The lawsuit says Jeunesse Global makes tons of money in Hong Kong and China by exploiting Chinese American distributors, and the company’s “… conduct violates foreign laws and constitutes money laundering and tax evasion.” Truth in Advertising reports:
The complaint most likely implicates violations of foreign law because in 2005, the Chinese government enacted a law called Regulation of Direct Sales and Regulation on Prohibition of Chuanxiao (Chuanxiao roughly translates to MLM). According to this regulation, direct sales are permitted in mainland China but MLMs are not. The suit seeks to hold defendants liable for fraudulent business practices, false advertising, and violations of the Federal Racketeer Influenced and Corrupt Organization Act (RICO) and the Foreign Corrupt Practices Act, among other things.
This lawsuit was the latest in a series of class action lawsuits filed against Jeunesse recently. A July 2016 suit alleged that the company is pyramid scheme and there are secret compensation packages. A December 2016 lawsuit alleged that the company is a pyramid scheme and preys on Chinese American Immigrants.
An expert report was filed in plaintiff James Aboltin’s case (the July 2016 suit). The expert is Dr. Stacie A. Bosley, an economist who is well-versed in multi-level marketing and pyramid schemes. She not only does academic research on MLMs and pyramid schemes, she was the FTC’s expert witness in its lawsuit against Vemma Nutrition Company.
The report by Dr. Bosley on Jeunesse says many interesting things, including:
- A pyramid scheme exists when there is a compensation plan that creates a perpetual recruitment chain, in which the vast majority of participants lose money. It also requires the new recruits to recruit others in order to recoup their investment. Earnings are depending on the ability to keep recruiting more people into the scheme.
- The number of people harmed by the pyramid scheme grows exponentially as the organization expands. The most recent people to come into the scheme make up the vast majority of the membership.
- Pyramid schemes can exist embedded in what appears to be a business opportunity, offering a product or service for sale. This is multi-level marketing. Under the Koscot test, an MLM is a pyramid scheme when people pay money for the right to sell a product and the right to receive money for recruiting.
- MLMs can actually sell products and services AND be a pyramid scheme.
- Jeunesse is a pyramid scheme because distributor compensation is overwhelmingly tied to recruitment (and purchases by those recruits) and not product sales.

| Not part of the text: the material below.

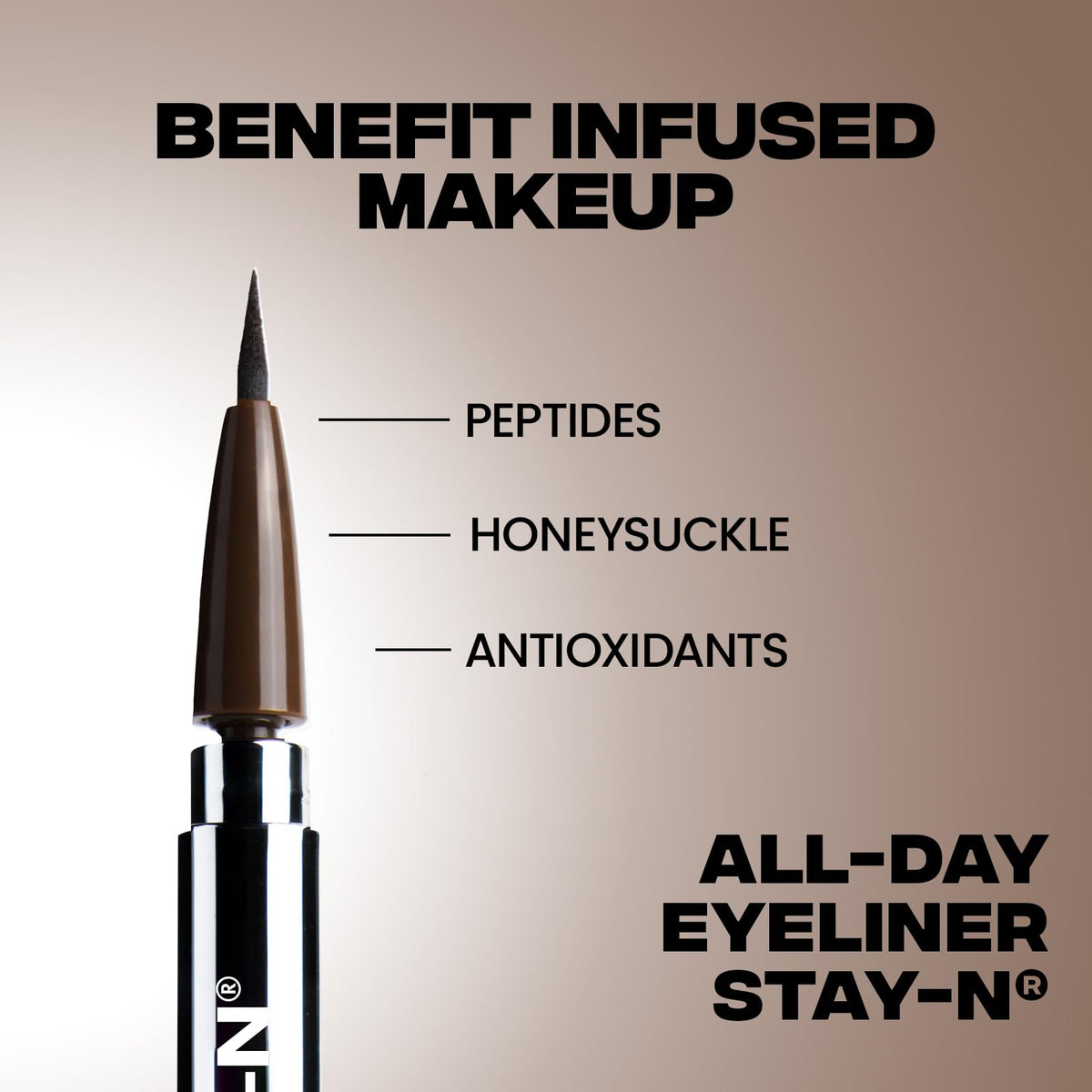 Sacheu eyeliner applied on eyelid close-up, crisp wing and smudge resistance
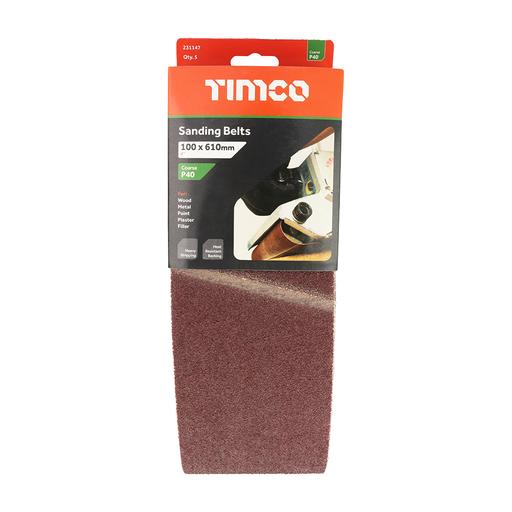 TIMCO Sanding Belts - 40 Grit - Red (100 x 610mm, Pack of 5)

Purchases by distributors are not based on demand by consumers, but by the incentive structure created by the company.
- Examples are given showing how retail sales are downplayed because of the relatively small earnings from that, in favor of recruiting activities
- “Jeunesse distributors are brought into a pay-and-recruit structure that is inherently unfair and deceptive.”
- Income disclosures for 2014 and 2016 are deceptive because they remove certain distributors from the calculations.
- A token system can be used to purchase products for other distributors. “Such a system allows for strategic purposes and enrollment and, as such, has to potential to enable significant pay-to-play activity.”
Dr. Bosley’s overall opinion: “Considering the evidence currently available, it is my expert opinion that Jeunesse is operating a pyramid scheme, disguised as a multilevel marketing organization.
Fun little tidbit: Truth in Advertising has compiled a database of improper income claims being made by Jeunesse distributors. It’s amusing!